__Assignment__
Set down each line of the data exactly, but not the pictures.

__Dataset excerpt__
━━━━━━━━━━

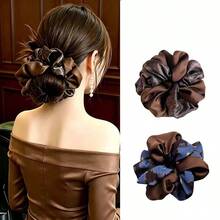 High Bun Large Satin Scrunchie For Women, Blue-Brown Floral Hair Tie, High Elasticity Hair Rope, Fat Hair Band - Multicolor - View 1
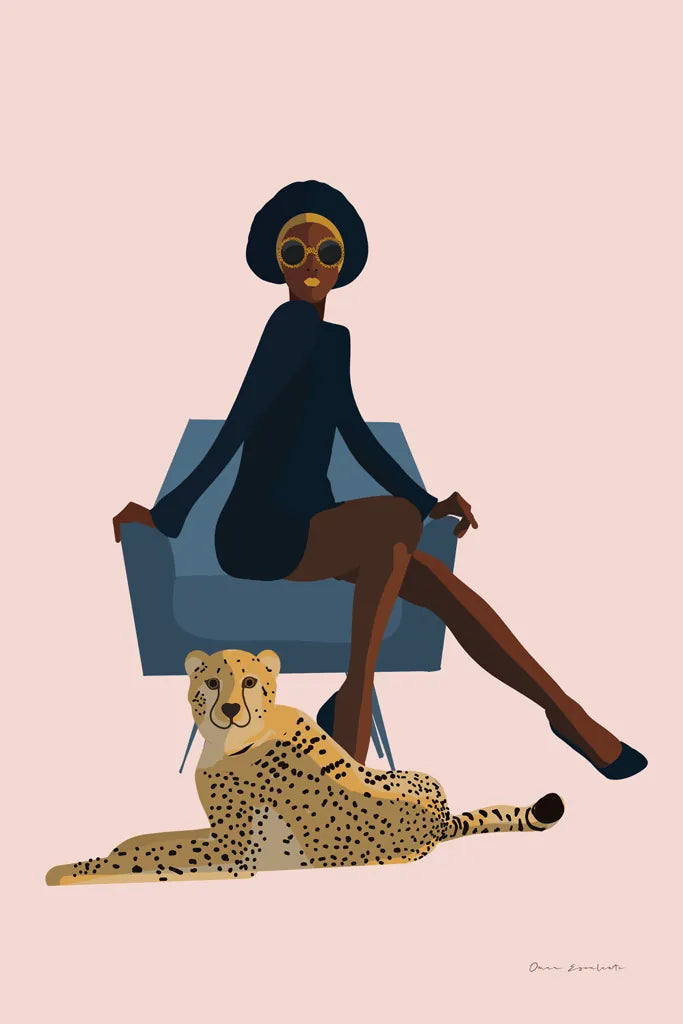 Wild Lounge II Rose Pink by Omar Escalante. SKU 77185h. Archival Giclee Fine art print for wall decor.
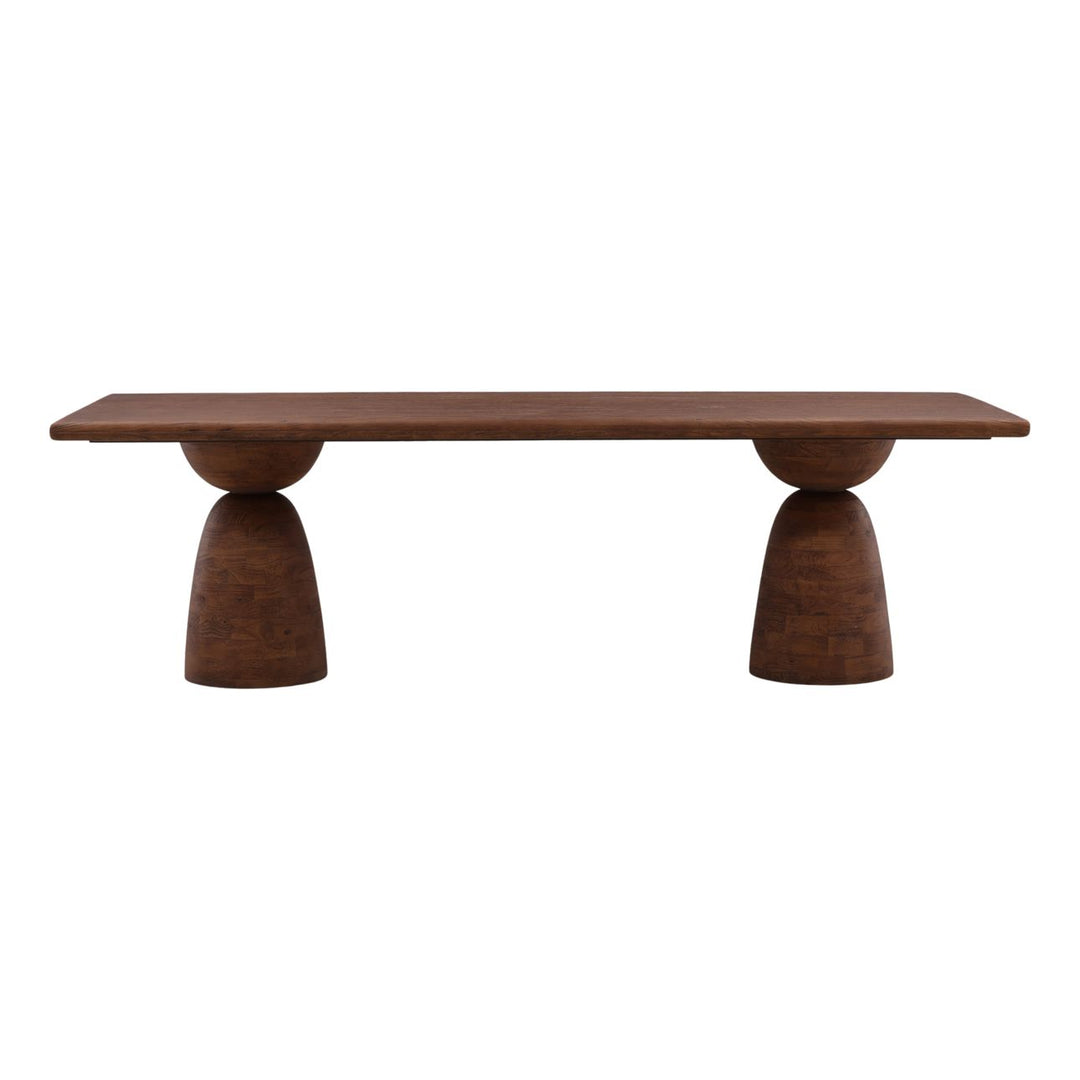 Amber Mango Wood Rectangular Dining Table, Brown, front view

━━━━━━━━━━

__Written reply__
 High Bun Large Satin Scrunchie For Women, Blue-Brown Floral Hair Tie, High Elasticity Hair Rope, Fat Hair Band - Multicolor - View 1
 Wild Lounge II Rose Pink by Omar Escalante. SKU 77185h. Archival Giclee Fine art print for wall decor.
 Amber Mango Wood Rectangular Dining Table, Brown, front view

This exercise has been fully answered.